*** Material provided ***
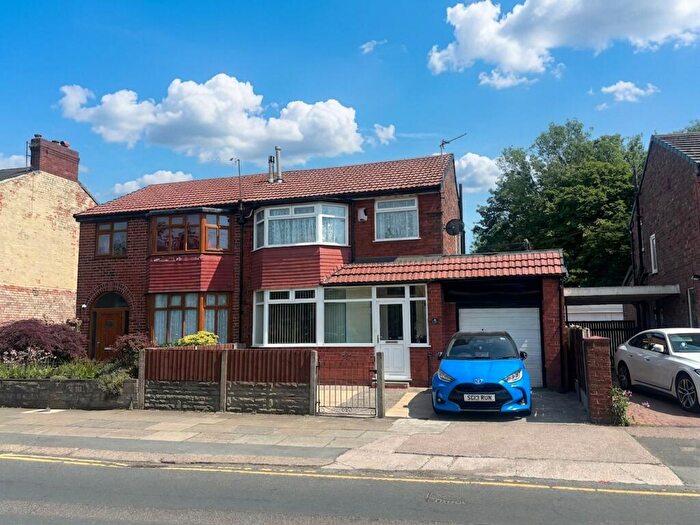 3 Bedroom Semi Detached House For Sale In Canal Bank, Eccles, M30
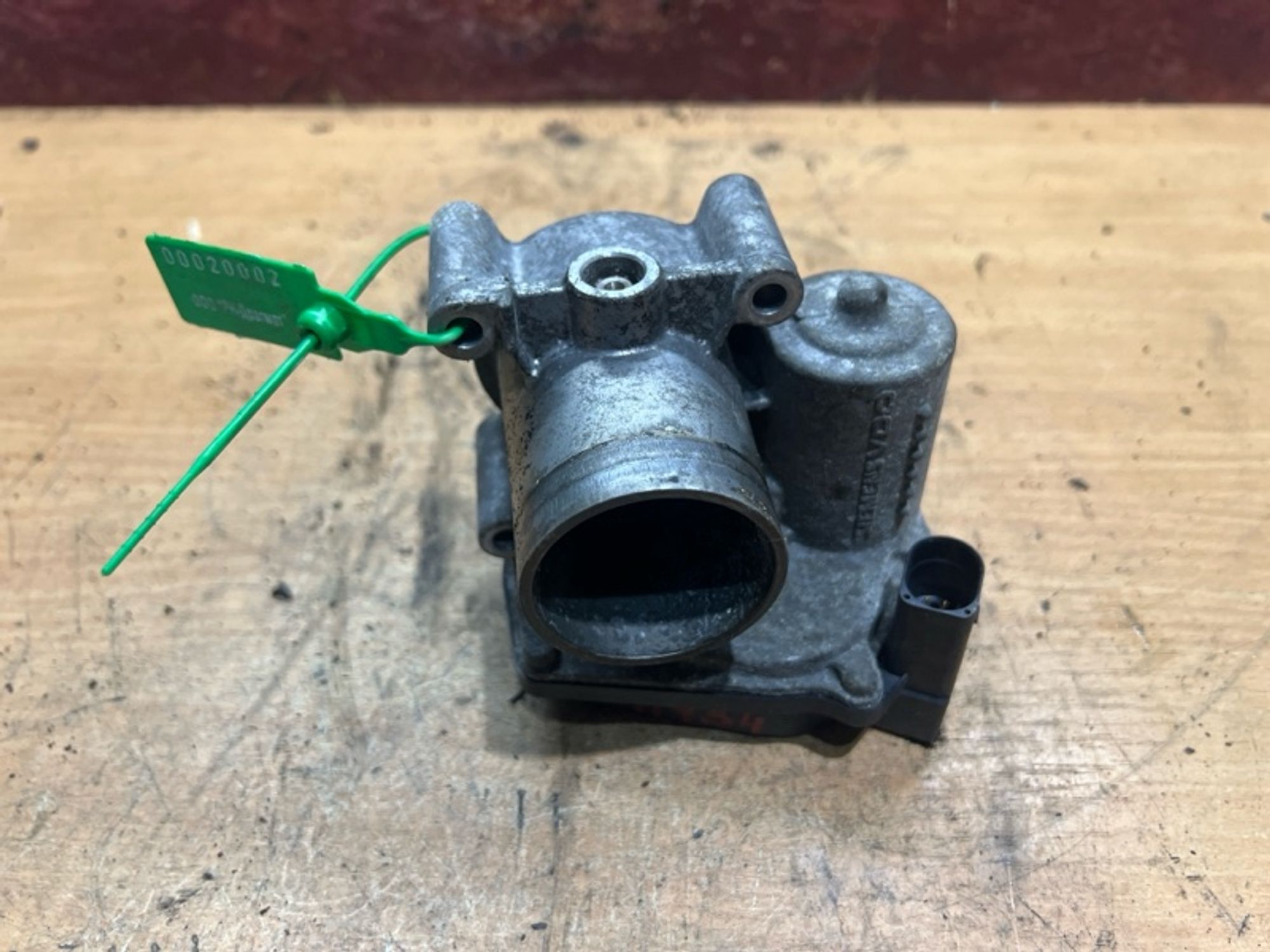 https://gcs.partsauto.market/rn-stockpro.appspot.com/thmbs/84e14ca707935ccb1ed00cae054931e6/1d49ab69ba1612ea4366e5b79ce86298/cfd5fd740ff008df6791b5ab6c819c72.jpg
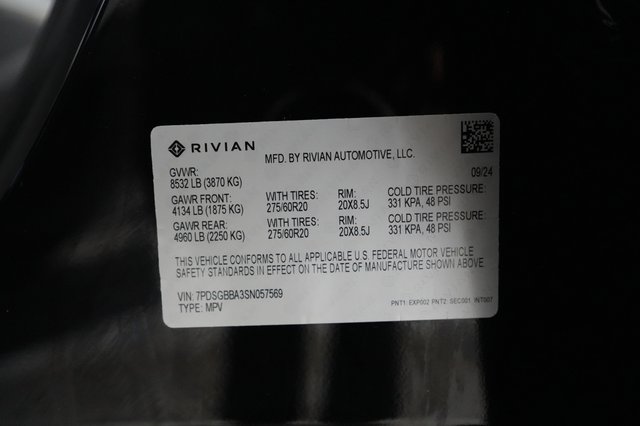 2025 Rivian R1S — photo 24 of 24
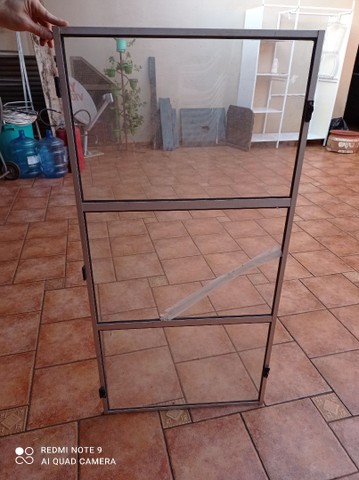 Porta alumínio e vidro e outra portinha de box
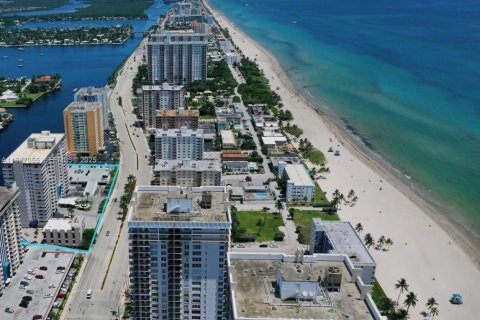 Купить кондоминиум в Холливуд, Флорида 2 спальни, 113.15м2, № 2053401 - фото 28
***
#### [Exercise aim]
Restate the records above verbatim. Pictures stay out.

#### [Result of this task]
 3 Bedroom Semi Detached House For Sale In Canal Bank, Eccles, M30
 https://gcs.partsauto.market/rn-stockpro.appspot.com/thmbs/84e14ca707935ccb1ed00cae054931e6/1d49ab69ba1612ea4366e5b79ce86298/cfd5fd740ff008df6791b5ab6c819c72.jpg
 2025 Rivian R1S — photo 24 of 24
 Porta alumínio e vidro e outra portinha de box
 Купить кондоминиум в Холливуд, Флорида 2 спальни, 113.15м2, № 2053401 - фото 28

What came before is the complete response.